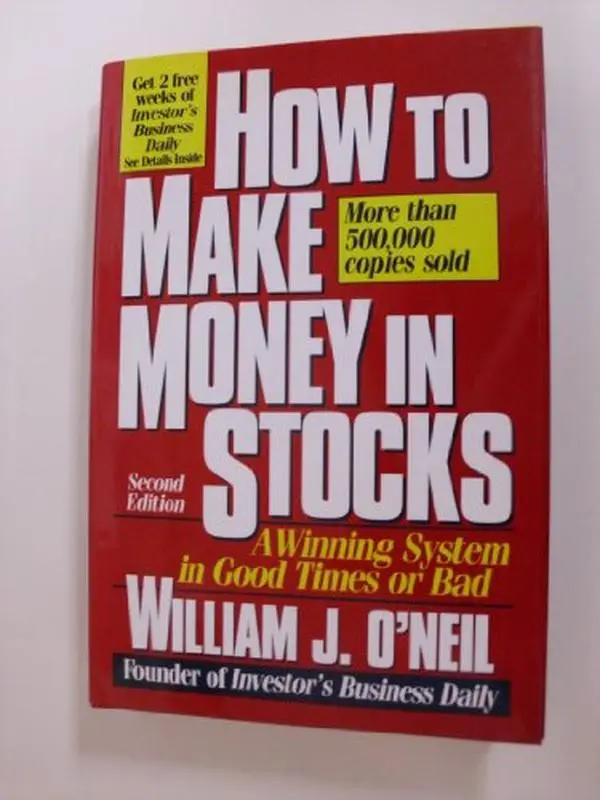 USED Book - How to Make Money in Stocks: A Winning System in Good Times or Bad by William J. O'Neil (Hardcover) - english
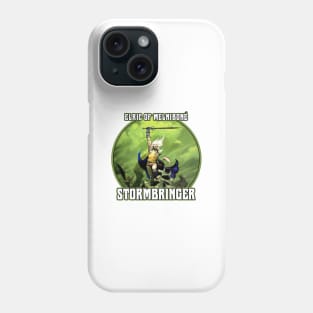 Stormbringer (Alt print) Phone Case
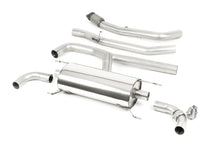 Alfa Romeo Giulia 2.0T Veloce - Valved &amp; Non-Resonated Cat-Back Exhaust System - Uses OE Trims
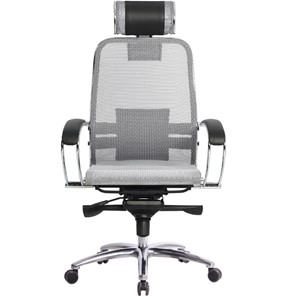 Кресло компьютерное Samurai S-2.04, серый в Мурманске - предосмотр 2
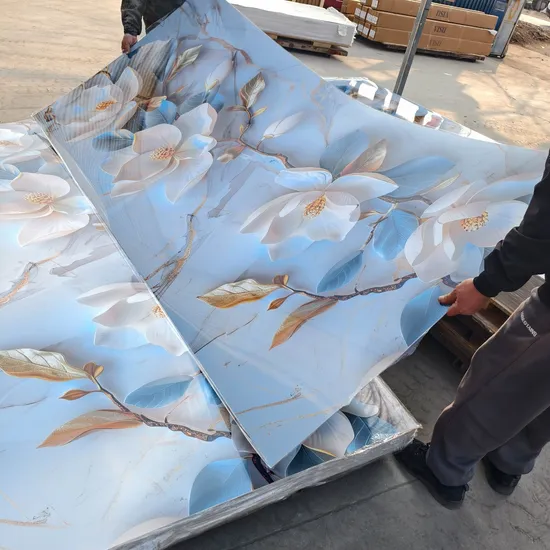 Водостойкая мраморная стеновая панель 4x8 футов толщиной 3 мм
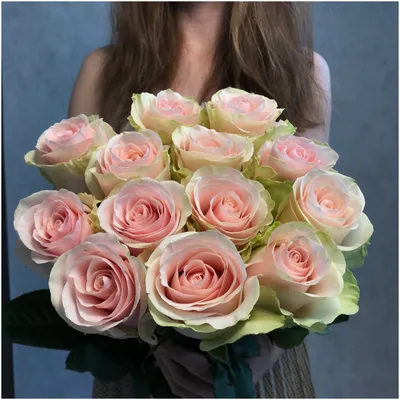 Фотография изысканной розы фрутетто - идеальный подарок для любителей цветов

---

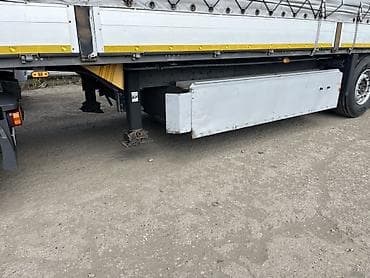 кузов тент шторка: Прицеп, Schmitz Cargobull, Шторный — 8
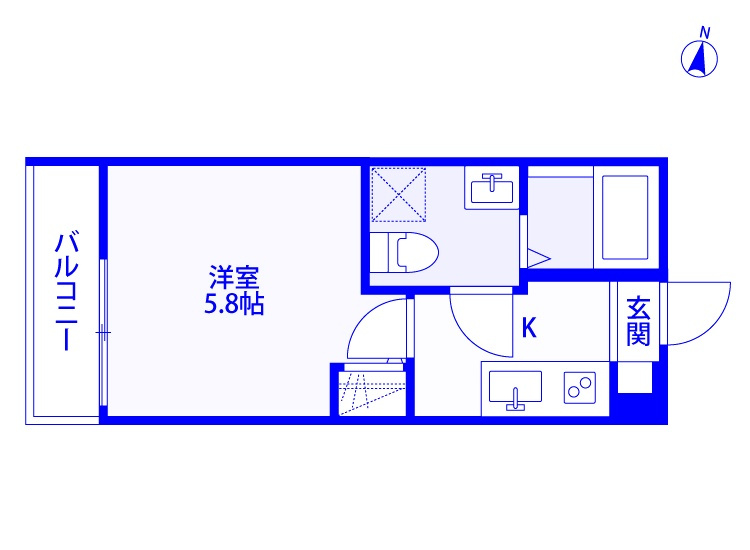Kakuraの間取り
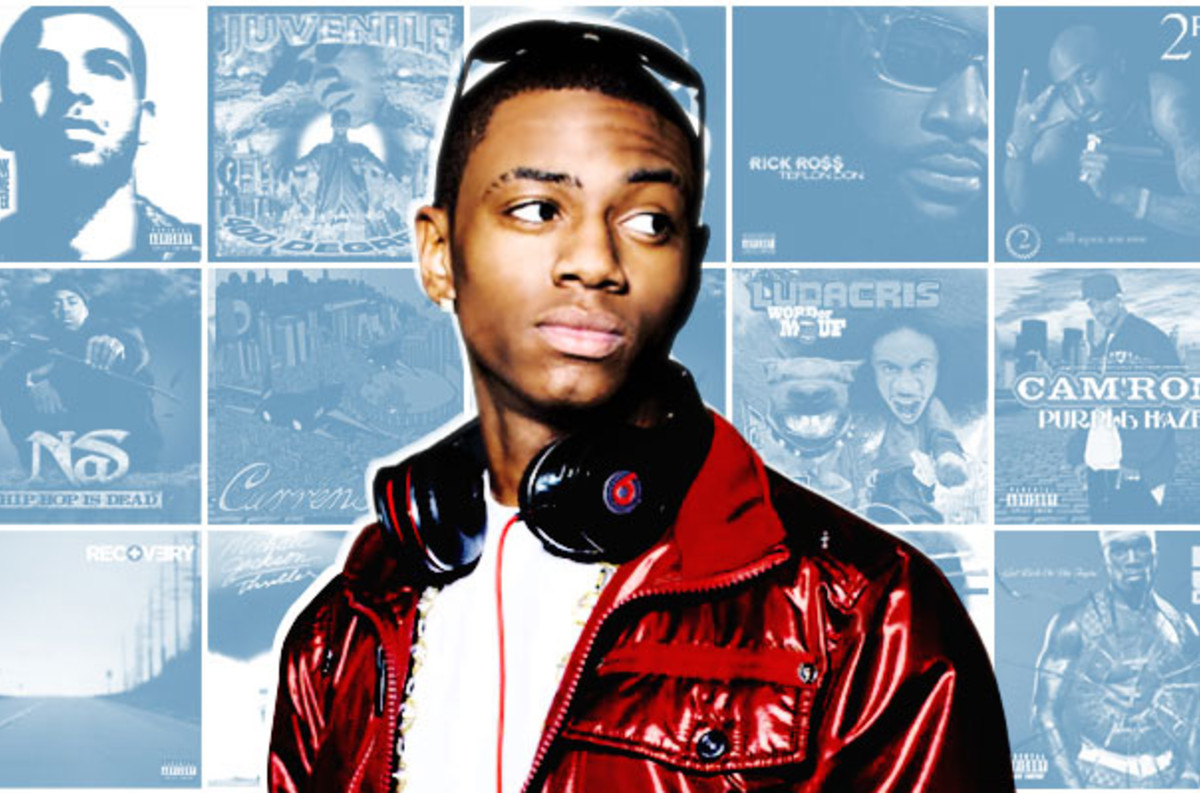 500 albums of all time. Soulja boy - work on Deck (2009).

■ PROMPT: Find where the line with "USED Book - How" sits in the material above and where the line with "Фотография изысканной розы" sits. Set down exactly the lines from the first to the second, both included and nothing else, without pictures.

■ FINISHED TASK:
 USED Book - How to Make Money in Stocks: A Winning System in Good Times or Bad by William J. O'Neil (Hardcover) - english
 Stormbringer (Alt print) Phone Case
 Alfa Romeo Giulia 2.0T Veloce - Valved &amp; Non-Resonated Cat-Back Exhaust System - Uses OE Trims
 Кресло компьютерное Samurai S-2.04, серый в Мурманске - предосмотр 2
 Водостойкая мраморная стеновая панель 4x8 футов толщиной 3 мм
 Фотография изысканной розы фрутетто - идеальный подарок для любителей цветов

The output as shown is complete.